SALMAutomodel - long-context support (chunking, AC) and batch of fixes #15648
SALMAutomodel - long-context support (chunking, AC) and batch of fixes #15648
SALMAutomodel - long-context support (chunking, AC) and batch of fixes #15648Conversation
Adds an optional AIStore GetBatch path to the multimodal conversation adapters (``NeMoMultimodalConversationJsonlAdapter`` and ``NeMoMultimodalConversationShareGPTJsonlAdapter``) and to ``SALMDataset``. When ``USE_AIS_GET_BATCH=true``, adapters build URL-backed cuts (no tar open) and the dataset uses ``AudioSamples(use_batch_loader=True)`` to issue a single batched fetch per minibatch. ``collate_conversation_audio_fault_tolerant`` is refactored to delegate loading/collation to ``AudioSamples`` and drop any conversation whose cuts didn't survive, preserving the legacy fault-tolerant semantics.

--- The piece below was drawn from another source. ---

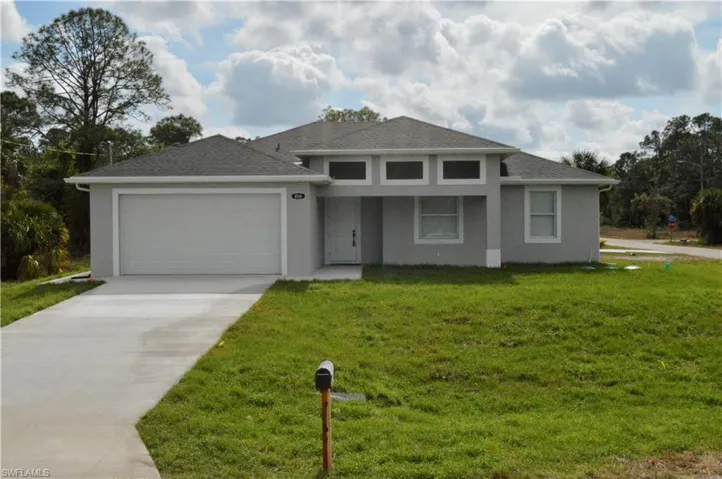 View of front of property with a front lawn and a garage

DeepEP's dispatch collective has a hardcoded 100s in-kernel barrier timeout; first-iteration rank skew (FSDP2 all-gather, kernel autotune, DeepEP Buffer construction, JIT compile) can exceed that budget and kill an otherwise-healthy run. Adds ``distributed_warmup_barriers`` (default 0 = disabled) to ``SALMAutomodel``. When enabled: - ``on_fit_start`` runs a dummy forward between WORLD ``dist.barrier()`` calls (via ``warmup_distributed_forward``), migrating cold-start work to NCCL's tunable watchdog regime. Uses ``randn * 0.02`` input and ``seq_len=512`` to avoid gate-tie-breaking routing all tokens to the lowest-index EP rank, and installs per-MoE-layer forward hooks that ``torch.cuda.synchronize() + dist.barrier()`` so per-layer skew cannot accumulate across 30+ MoE blocks into a single > 100s dispatch. - ``training_step`` / ``validation_step`` issue a pre-step WORLD barrier for the first N steps to absorb per-batch dataloader / straggler jitter. - ``validation_step`` also barriers when a dataset is exhausted on this rank but not others, keeping MoE forward calls aligned across ranks.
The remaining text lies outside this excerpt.